I started slowly and focused on the little things. I rented an apartment, bought groceries, cooked, and kept the place clean. I went to work and worked hard. I read a lot of self-help books. I began exercising, and the endorphin rush kept me from feeling too down. I also called my family a lot and leaned on them for support. At first, it was difficult to spend so much time alone. My ex had not wanted me to make friends and kept me very isolated, so I had to go through all the work it takes to meet new people and build a network of friends. It took a long time, but it was worth it. Those social relationships kept me from entering another relationship too soon, and I had a lot of work to do first.

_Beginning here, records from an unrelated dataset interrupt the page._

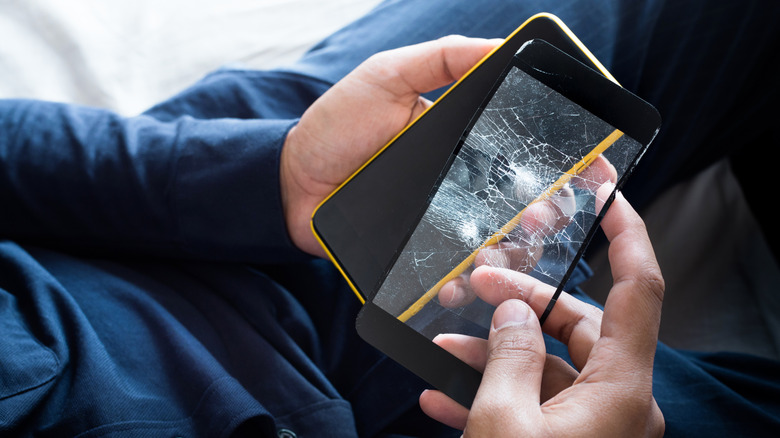 A man holding a smartphone and a damaged tempered glass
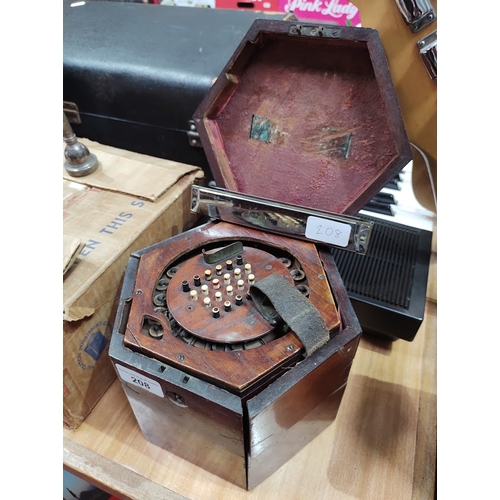 208 - A Victorian concertina squeeze box, the mahogany case marked 'G F Wilson, London', together with a C... 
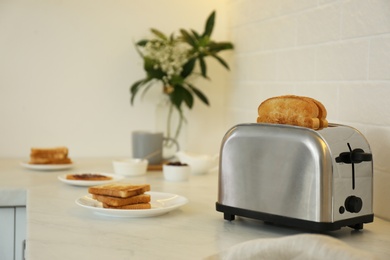 Modern toaster and tasty breakfast on counter in kitchen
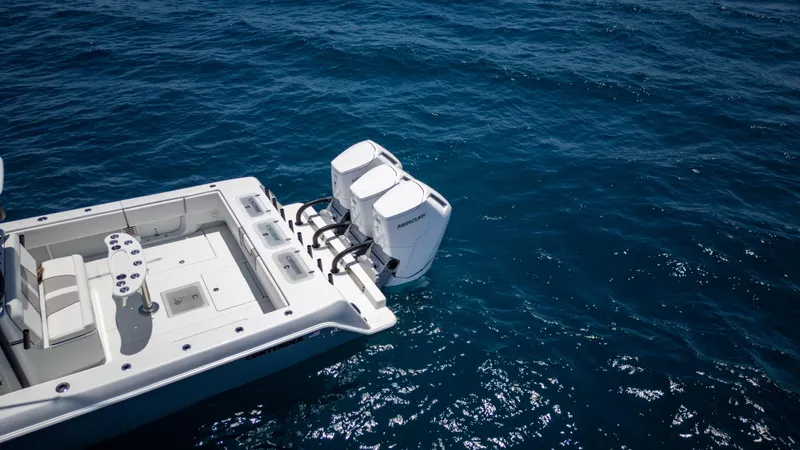 Pharma-sea Yacht Photos Pics 2023 Contender 44 CB boat with dual outboard motors on open sea.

I wanted to examine why I had chosen such a controlling partner. I realized the signs were there from the beginning. He wanted to move the relationship too quickly. I had agreed because I thought it was a sign he really liked me, but it was actually his way of controlling the pace of the relationship. I had wanted to leave him several times, but never seemed to have the strength to do it. I had to learn to trust my gut reactions. After all, if a relationship is not working for one of us, it ultimately won’t work for both of us, and it is better to cut ties when I first realize it. By understanding the early signs of controlling behavior and becoming willing to leave bad relationships, I felt confident I would not pick a controlling partner again or would not stay with one once I recognized the behavior.
Give It Time
It took a long time before I was ready to try again. I had to readjust to living on my own, make friends, and determine how to avoid making the same mistake again. Leaving my ex was not easy, but I am glad I did it. I am glad to have my life back.